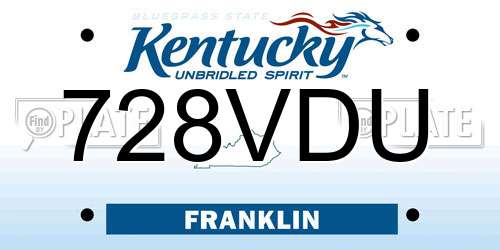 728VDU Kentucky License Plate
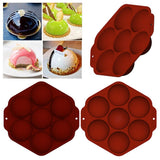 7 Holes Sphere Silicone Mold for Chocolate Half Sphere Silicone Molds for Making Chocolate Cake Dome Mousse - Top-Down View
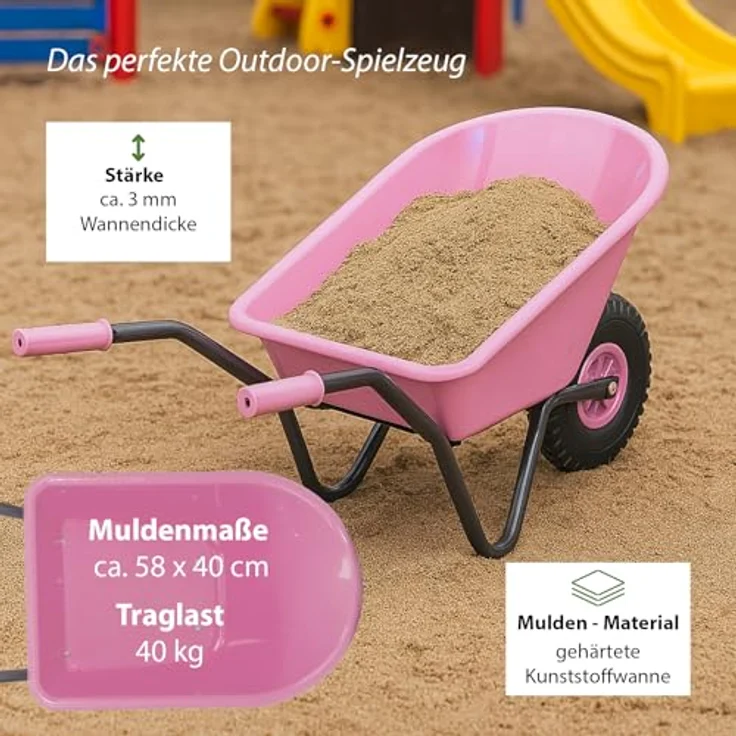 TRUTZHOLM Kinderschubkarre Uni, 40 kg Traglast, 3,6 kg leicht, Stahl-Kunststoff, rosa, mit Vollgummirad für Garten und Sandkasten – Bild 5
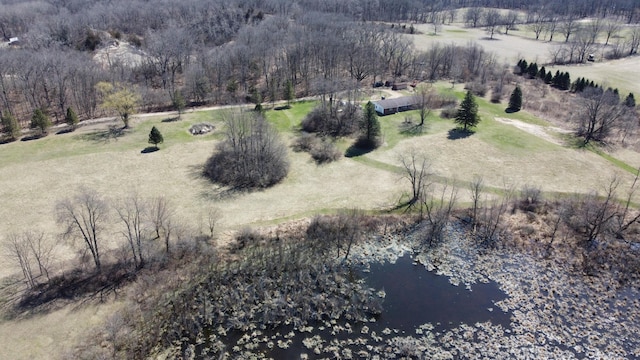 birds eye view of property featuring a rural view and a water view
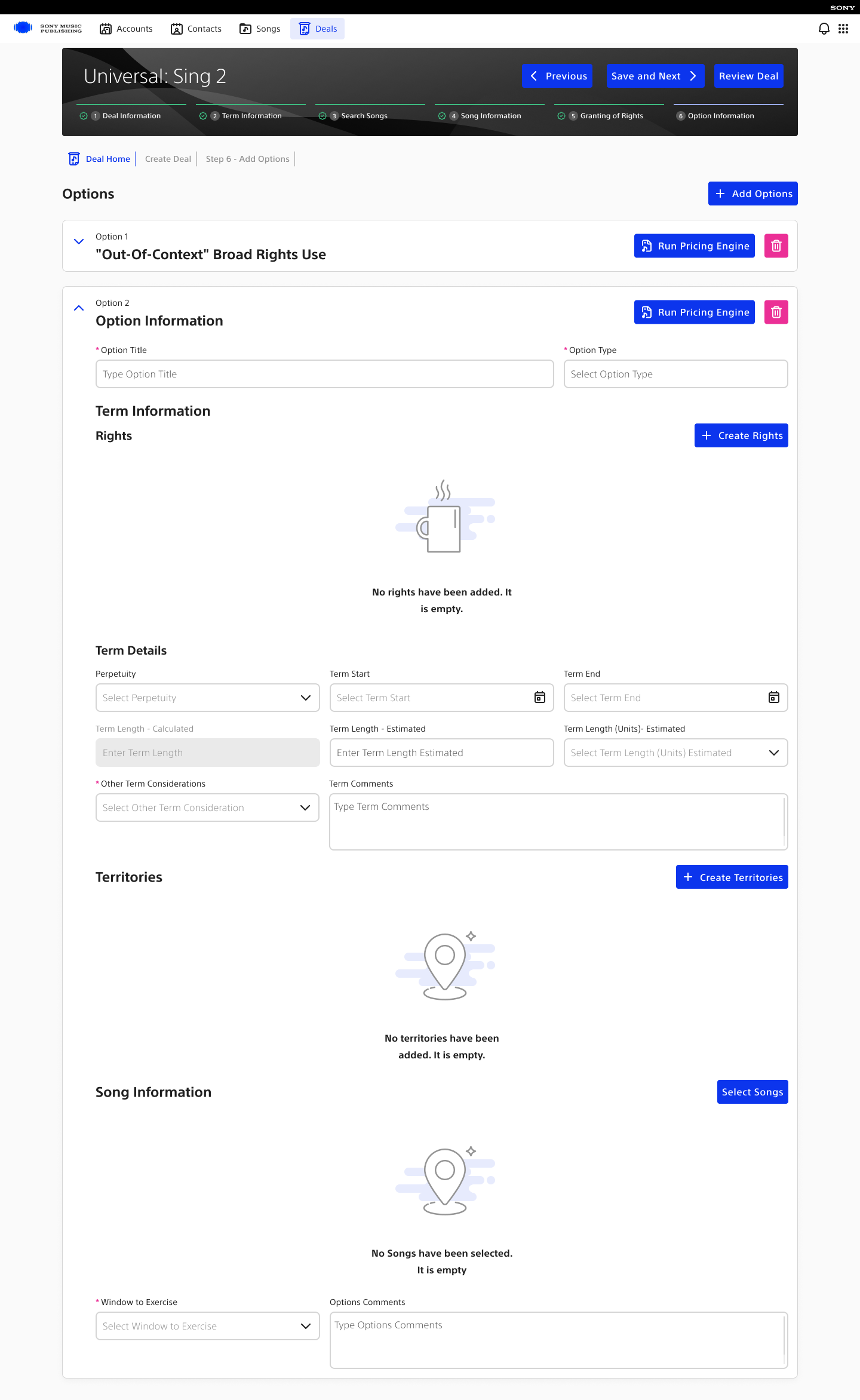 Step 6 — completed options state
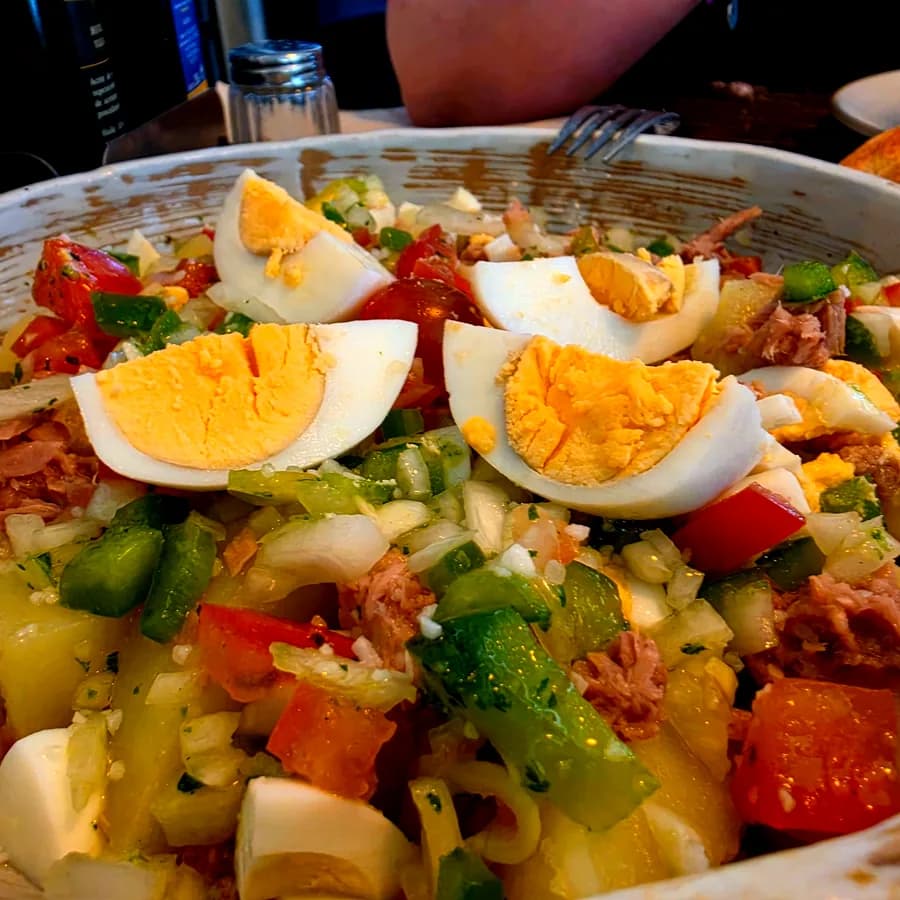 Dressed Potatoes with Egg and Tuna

WORK INSTRUCTION
Starting with the first line of the data above and ending with the line containing "7 Holes Sphere", please restate every line exactly, leaving images out.

TASK RESULT
 728VDU Kentucky License Plate
 7 Holes Sphere Silicone Mold for Chocolate Half Sphere Silicone Molds for Making Chocolate Cake Dome Mousse - Top-Down View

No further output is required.